This week, his mother, Gladys, told the Daily Mail the family still doesn’t know the cause of death.
“He wasn’t hit on the head, no. We think he had a stroke, but we don’t know anything for sure,” Gladys Sicknick, 74, was quoted as saying. “We’d love to know what happened.”
House Speaker Nancy Pelosi, always one to bring gasoline to a fire, is adding to the confusion. Her choice to head a commission into the riot, Retired Army Lt. Gen. Russel Honoré, claimed Capitol Police and the House and Senate sergeants at arms were “complicit.”
He also blamed the Pentagon for not having troops on standby and the FBI for an intelligence failure, while saying “I think once this all gets uncovered, it was complicit actions by Capitol Police.”
Republicans blasted those remarks and say they should disqualify Honoré from leading a probe.
The blame game was on full display at Tuesday’s hearing before two Senate committees.
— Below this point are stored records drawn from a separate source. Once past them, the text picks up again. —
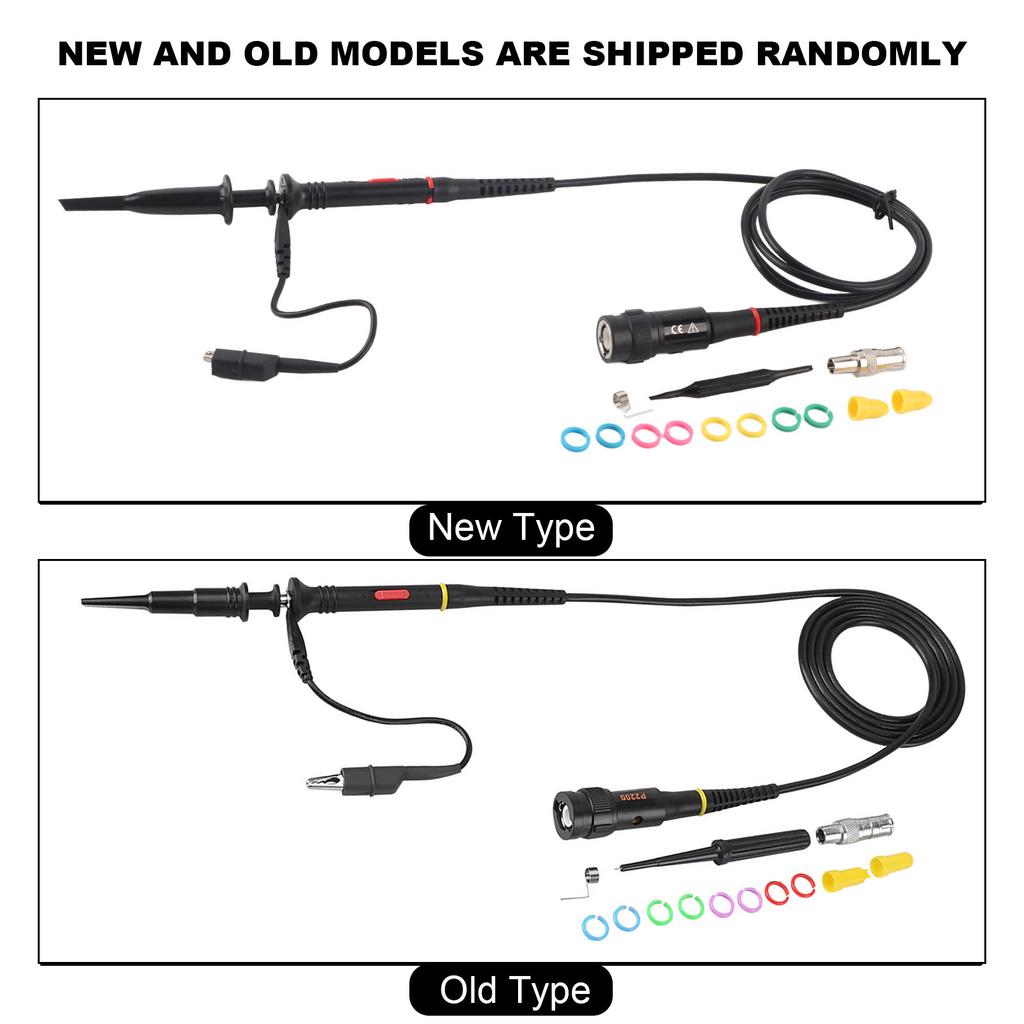 200Mhz Oscilloscope Scope Test Probe Clip BNC P2200 /X1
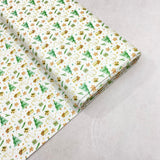 Per Metre Digitally Printed Christmas 100% Cotton- 45" Wide (Gifts)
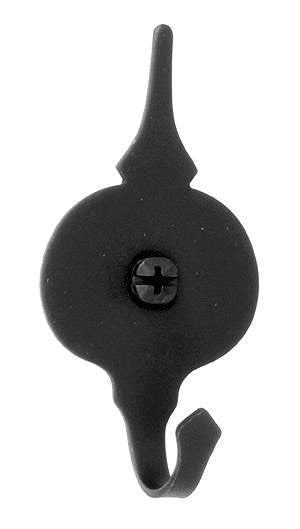 Acorn AM4BP: 3-1/4" Colonial Swordfish Hook - Black Smooth Iron
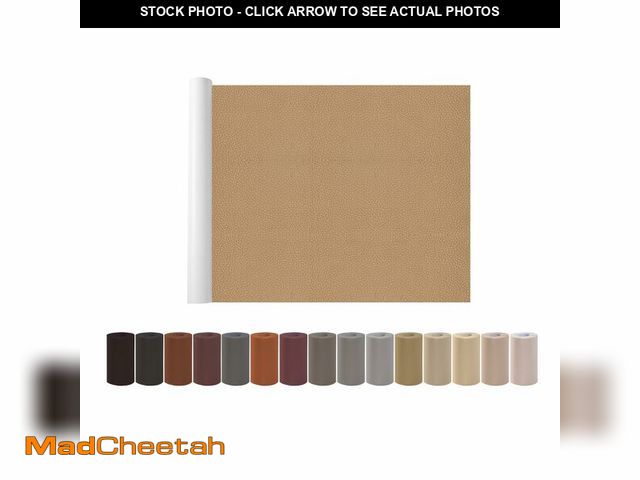 Lot 74-14269396 - Leather Repair Patch Tape, Dark Beige 17 x 61 Inches Self Adhesive Leather Repair Kit for Furniture,...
Steven Sund, who resigned under pressure as head of the Capitol police after the riot, said Honoré’s remarks about him were wrong, but also said he did not get sufficient warning from the FBI.
“None of the intelligence we received predicted what actually occurred,” he said.
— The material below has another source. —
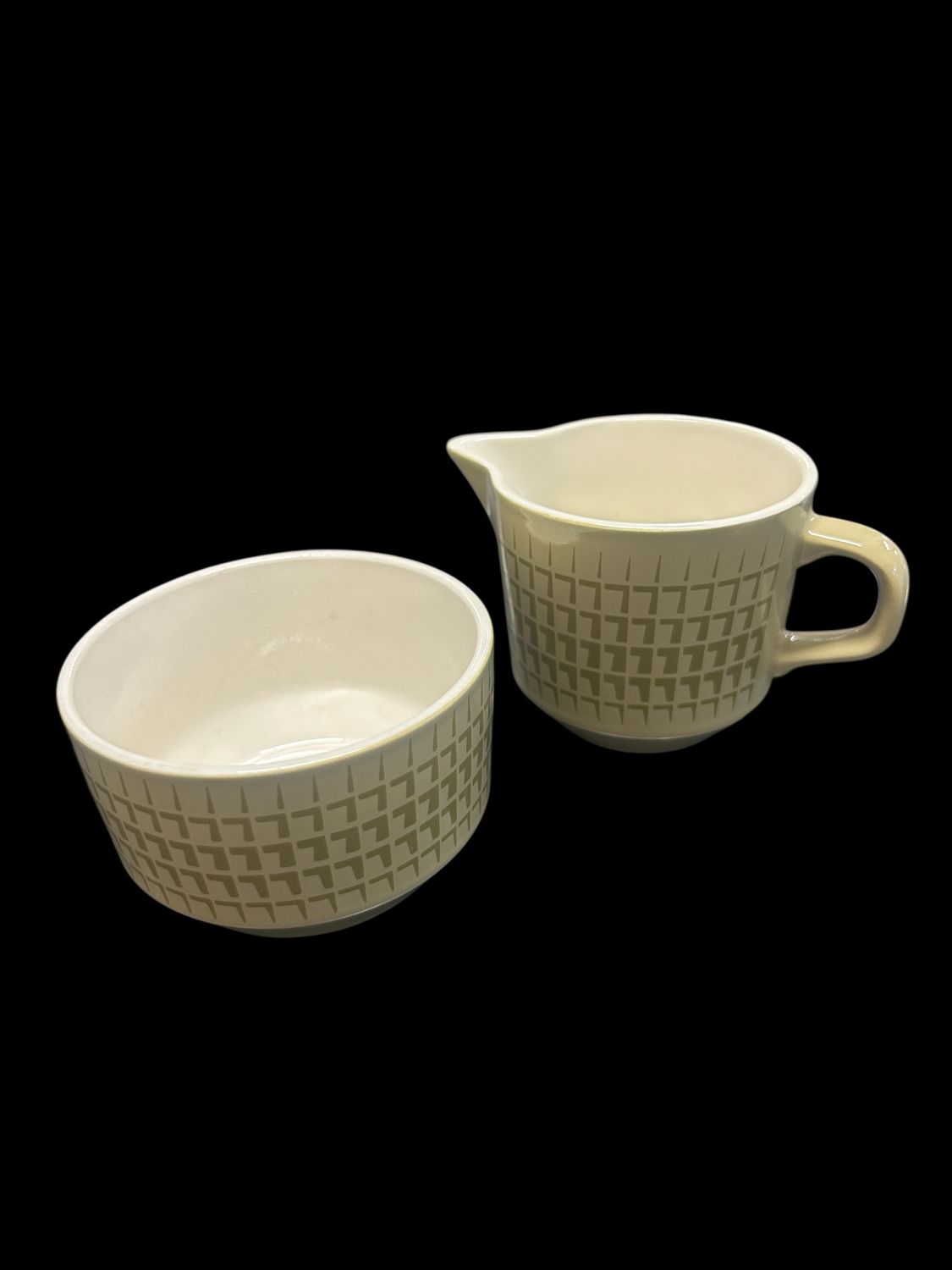 Titian Sugar Bowl and Jug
Two other former Capitol security officers and the acting head of the Washington, DC, police took turns pointing fingers at federal law enforcement and the Defense Department, citing information failures and halting decisions to call in National Guard reinforcements.
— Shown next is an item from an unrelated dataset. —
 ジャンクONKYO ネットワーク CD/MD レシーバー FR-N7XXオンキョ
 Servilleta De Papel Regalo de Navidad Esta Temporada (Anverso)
In short, the hearing, sluggish at best, resolved nothing and confirmed suspicions that Congress is not seriously interested in the facts. Most in the GOP want to forget the day and Dems want to keep it alive for their own aims.
Their goal is to get law enforcement and intelligence agencies to focus less on foreign terrorists and more on Americans, especially those from the far right. Indeed, it became obvious during the summer riots across the nation that Biden has no interest in left-wing violence, making the new focus decidedly one-sided.
A clear example of the bias came during the confirmation hearing of Merrick Garland, the next attorney general, who bizarrely tried to draw a legal distinction between nighttime attacks by Antifa on a federal courthouse in Portland, Ore., with the daytime riot at the Capitol, as if the time of day was an important distinction.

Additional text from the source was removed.